So if there could be a common accounting ledger that could be verified it would be a big improvement. The question is though would that be 10x better? Or rather enough to get the various stakeholders to adopt the ledger. So far. No.


What about triple entry accounting requires the blockchain? Or how does triple entry accounting benefit from being on the blockchain? Or a distributed ledger in general? The shitty book keeping you encountered will always be cheaper, faster, and easier than the “better” alternative. The people like SBF with a black hole of excel nonsense as their “accounting system” aren’t going to be persuaded to take up triple entry accounting— on the Blockchain or otherwise.
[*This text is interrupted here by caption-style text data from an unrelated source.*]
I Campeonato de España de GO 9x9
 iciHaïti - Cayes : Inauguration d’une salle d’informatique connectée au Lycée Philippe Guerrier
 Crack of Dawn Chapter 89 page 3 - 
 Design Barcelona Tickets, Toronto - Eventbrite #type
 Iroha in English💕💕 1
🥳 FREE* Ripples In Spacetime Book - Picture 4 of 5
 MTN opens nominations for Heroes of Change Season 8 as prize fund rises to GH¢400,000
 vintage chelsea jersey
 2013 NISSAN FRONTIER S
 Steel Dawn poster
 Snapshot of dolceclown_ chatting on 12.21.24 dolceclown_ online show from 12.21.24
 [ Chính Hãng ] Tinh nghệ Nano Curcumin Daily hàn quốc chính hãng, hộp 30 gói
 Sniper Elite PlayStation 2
I am not aware of any other triple entry accounting system or proposal other than the block chain ecosystem. But I have been a crypto curmudgeon and skeptic so I don’t follow it closely. Honestly it was the only idea that didn’t make me throw up a little when I would talk to crypto fans. It was my little tactic to find common ground.

Excel may be cheaper and faster for companies but governments care about legitimacy and could probably end up forcing implementation. So imagine that instead of county deed offices that have physical books dating back hundreds of years with title info, they had a blockchain ledger then the third party systems the evolved on top to make title transfer lowers friction will technically not being a true legal transfer could have a middle ground where the transaction has the certainty and legitimacy of a public record and the low friction of a digital transaction rather than physically having to go to each county to record the transaction.

Similarly all large banks now have to submit stress tests to the federal reserve and one of the hardest things to do is trace asset transfers and liabilities to get at contagion risk. If regulators were smart they would mandate a blockchain or time series database so that unwinding transactions didn’t have to happen through junior attorney and bankers manual review of transfers in bankruptcy court.


I still don't understand why this is better on a blockchain than a database.

Transactions are harder to do, they take longer, they're massively more inefficient, etc. And what do we gain from this? Blockchains are not immutable (as we've seen), they're usually controlled by a single entity or group of entities (as we've seen), they're public but in a bad way - as soon as the connection between a person and a key is revealed, that person's entire transaction history is revealed. And so on.

I know that "all these problems are being solved" but you could solve them all in an instant by just using a database and having sufficient oversight over who gets to manage it. I don't understand the enthusiasm to use a blockchain here (or anywhere)


Blockchain also only works the way people intend in entirely digital domains.

As soon as you tie it to real-world assets it's no different than an Excel sheet because you must validate everything manually anyways.


This is called the Oracle Problem.

It can work outside of the digital realm.

https://blockpit.io/en/blog/how-to-solve-the-oracle-problem/

> A decentralized oracle uses a decentralized network of nodes to obtain real-life data from off-chain sources of information and transfer it to smart contracts on-chain. These decentralized oracles are like public libraries with multiple sources of information. Using many sources of information helps to minimize counterparty risk. More importantly, decentralized oracles aim to reduce concerns about reliability and trust because oracles that provide false data will be penalized for data manipulation.


If two rival businesses are transacting with each other, and they don’t really trust each other fully, which one hosts the database?

Whoever hosts the database is in a position to manipulate data to the disadvantage of the other. Which entity gives in and gives up that power to the other? Why should either party agree to take on that sort of counterparty risk when they don’t have to?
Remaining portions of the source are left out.